Main Product Features
At first glance, I noticed the Epiphone Prophecy EM-2 FX comes in a very tempting color: Midnight Ebony Quilted Maple Top. The tops are flawlessly chosen to give the finish a beautified swirled look. The EM-2 is crowned off with white binding that goes around the top-edge of the body.
The guitar has mixed-color hardware—the tuning pegs, tremolo bar and pick-up selector are black, while the control knobs are silver, which enhance the beauty of the ‘blade’ inlays.
Another thing that is impressive about the EM-2 guitar is that, despite being very modestly priced, is that it features high quality hardware.

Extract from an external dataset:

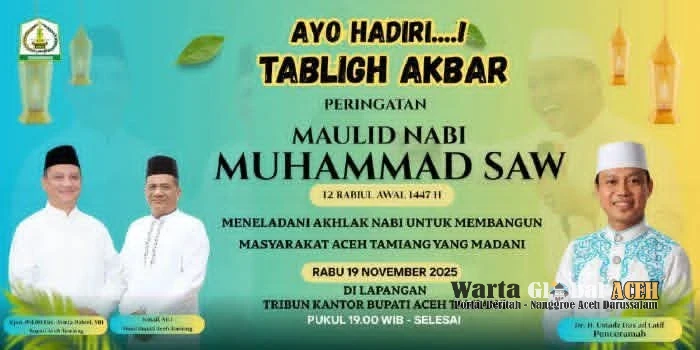 Ustadz Das'ad Latif Isi Tabligh Akbar Maulid Nabi 2025 di Aceh Tamiang, Catat Tanggalnya!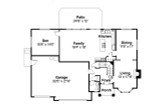 Craftsman House Plan - Masterson 30-455 - 1st Floor Plan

Every FX guitar comes standard with an Original Floyd Rose tremolo system and Grover Tuners, giving the guitar rock n roll flexibility, while vigorously holding tune.
All FX guitars come with authentic EpiActive humbucker pick-ups. EpiActive pick-ups are now being commonly used in recent Epiphone guitars, and are considered to be on par with EMG pick-ups. In addition, EpiActives can also be used in passive mode to provide a traditional output without the need for a battery.
The EM-2 body-style screams rock n roll - achieved with Epiphone’s patented “swept-C” cutaway that gives you comfortable access to all 24-frets, which you’ll be thankful for when you crank up the volume and start soloing. In fact, Epiphone actually made the first EM-2 styled guitars back in the early 90s when Grunge was the frenzy, and this EM-2 Custom FX features the same dedicated reverse Explorer-style headstock as its bona-fide-brothers.
END THOUGHT
The Epiphone Prophecy EM-2 FX is a solid guitar, high quality components, and great playability, all for a very modest price tag of $399. Go test drive one for yourself, you won’t be disappointed.